Stax refers to the two types of visible costs, either usage cost or unblended cost, as the current cost metric. On the Data page, the Total Usage Cost represents the usage cost (or "amortized cost") cost metric. The term "unblended cost" is an AWS billing term, Stax represents it as the financial cost cost metric.

Stax defines the "Amortized cost" you see in Usage Mode as the first value of the following:

  • Savings Plan Effective Cost
  • Reservation Effective Cost
  • Unblended Cost

This is important because of the way costs are applied:

  • Reservations apply by changing the unblended rate on a billing record to a lower value, and then adding new billing record (with the value of kind being "reservation") with the extra cost shown. For example, with a full upfront reservation, the usage for an EC2 billing record will drop to $0, but an additional billing record will exist for the upfront cost of the reservation.
  • Savings Plans work by keeping the original billing record with the actual usage cost, but adding an appropriate discount. For example, a billing record for an EC2 instance with an hourly cost of $0.20 might be accompanied by an additional billing record providing a $0.05 discount per hour. The net cost for this example resource would be considered to be $0.15 per hour

Most services which don't support either reservations or Savings Plans simply use the unblended cost, which is default value for Stax's usage cost cost metric.

Effective Costs

Savings Plan Effective Cost is a view on a billing record where kind equals "usage". Following on from the example above where a $0.20 billing record might have an accompanying $0.05 discount, resulting in a Savings Plan Effective Cost of $0.15.

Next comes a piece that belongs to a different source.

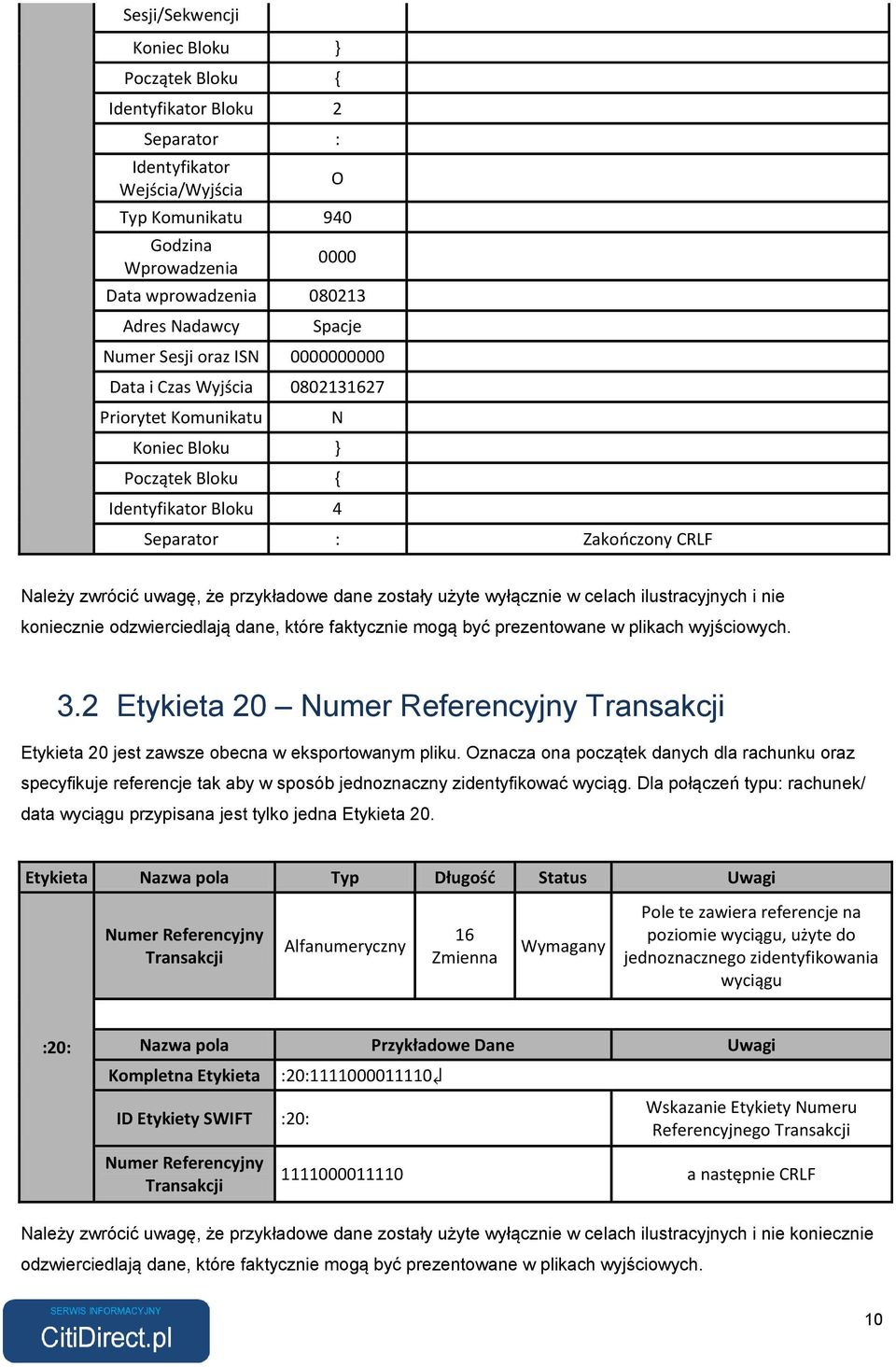 przykładowe dane zostały użyte wyłącznie w celach ilustracyjnych i nie koniecznie odzwierciedlają dane, które faktycznie mogą być prezentowane w plikach wyjściowych. 3.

Reservation Effective Cost works similarly, taking into account upfront cost and amortizing it into an effective cost.

With Stax's Usage Mode enabled, you will see a figure that amortizes the Savings Plans and Reservation costs. Whether using Stax's Usage Mode, or the Data page's "Total Usage Cost" column, it will represent the cost of usage.

With Financial Mode enabled, Stax performs little processing of the cost data itself. The broken out, processed data from the billing report is shown. Discounts from Savings Plans (kind is "credit" and payment_option_code is "savings_plan") and reservation usage costs (kind is "reservation") will be separated.

On the Data page, grouping by "Kind" will show the Sum of Financial Cost column. This will equal what is represented on the AWS bill. The Sum of Usage Cost will not necessarily be suitable, as it shows both discounts and added costs amortized into the usage cost for each billing record.

Considerations

A side effect of the usage cost metric using the effective cost values from Amazon's Cost and Usage Report is that costs can be moved around accounts. This can occur when AWS applies Savings Plans. This can result in representing financial costs that are not present in the current month.

Using the Data Page

On the Data page you can view and filter all kinds of billing records.

Usage Mode is equivalent to filtering to show only records where kind is "usage", and then grouping by "kind". The values in the Total Usage Cost will match those of Usage Mode.

Financial Mode is equivalent to grouping by "kind" with no filter. The values in the Total Financial Cost column will match those of Financial Mode.